- [EXERCISE GOAL]:
When you reach the line that holds "20304 Village 20 Camarillo, CA MLS# V1-33174", start copying exactly and keep going through the final line of the data, leaving out pictures.

- [STORED DATA]:
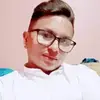 Marvin Montes - @marvin.montes09 - TikTok
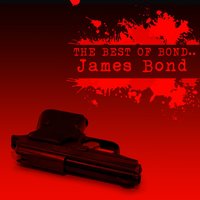 From Russia with Love - London Pops Orchestra & West End Singers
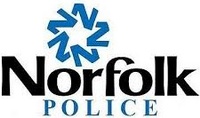 City of Norfolk Police Division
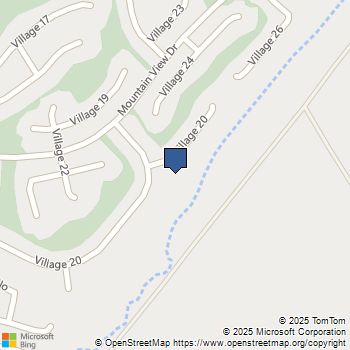 20304 Village 20 Camarillo, CA MLS# V1-33174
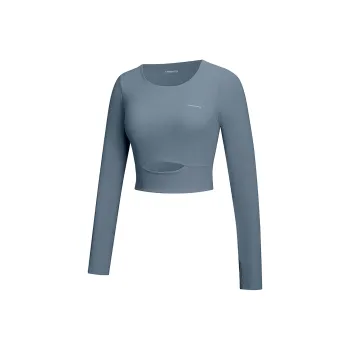 MESUCA Workout Clothing Women's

- [WRITTEN REPLY]:
 20304 Village 20 Camarillo, CA MLS# V1-33174
 MESUCA Workout Clothing Women's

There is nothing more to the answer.